Conrad went to live in Bavaria, a wealthy state in West Germany. As he had no western education Conrad took a job on a car assembly line making AUDI cars. He married, but in his own words ‘never felt truly free’ until the Berlin Wall came down in 1989. However, he continued to feel more at home in Bavaria than in his birthplace in East Germany, blaming old hurts with his former colleagues, and hesitated even to visit his parents and brothers and sisters in East Germany

Throughout his life Conrad struggled with alcoholism and depression. When the wall fell he re-lived his fame a little in a museum in Berlin but as a portly, middle aged man was unrecognisable from his famous picture.

Tragically Conrad Schumann committed suicide in June 1998.

Instructions for Pupils

(These instructions are provided as a separate file, downloaded above, for easy copying)

1. Take a ‘Type of Person’ card from your teacher then collect sets of the ‘Push Factor’, ‘Pull Factor’ and ‘Stay in the East’ cards. Ignore any that do not apply to your character.

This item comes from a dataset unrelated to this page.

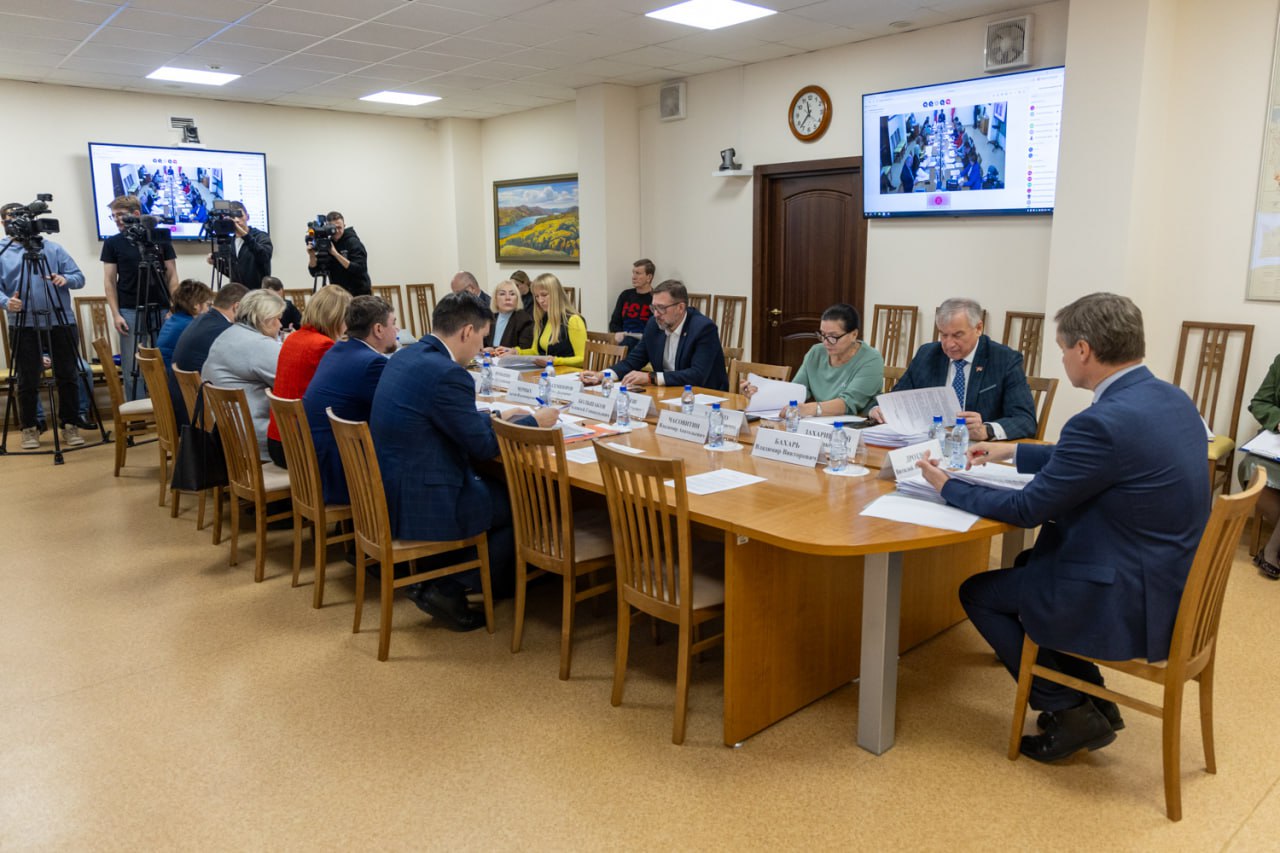 Около 10 млрд рублей выделят на решение вопросов экологии за три года Около 10 млрд рублей выделят на решение вопросов экологии за три года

2. Read your cards carefully and quietly take your decision. Are you going to stay in the East or risk an escape to the West? If you decide to escape, be careful about trusting anybody. THE EAST GERMAN SECURITY POLICE HAVE AGENTS AMONGST YOU. IF THEY FIND OUT WHAT YOU ARE PLANNING THEY WILL ARREST YOU AND YOU ARE THEN OUT OF THE GAME. If you can plan with somebody else without being caught the chances of getting across will be greatly improved.

3. If you have a card marked STASI OFFICER you can arrest somebody immediately they tell you their plan but this will stop anybody else from talking to you. Or you can wait until you have identified a few possible escapers and then arrest them all at once.

4. In the ten minutes talking time see what you can find out from others.

a) if you want to escape try to find a partner This could greatly enhance the chances of at least one of you making it across the wall.

b) If you decide to stay in the East you will gain extra rations (e.g. a chocolate bar from the STASI security police) if you can inform on someone who is planning to escape. Talk to people. Try to get them to trust you with their escape plans so you have information to give the STASI police.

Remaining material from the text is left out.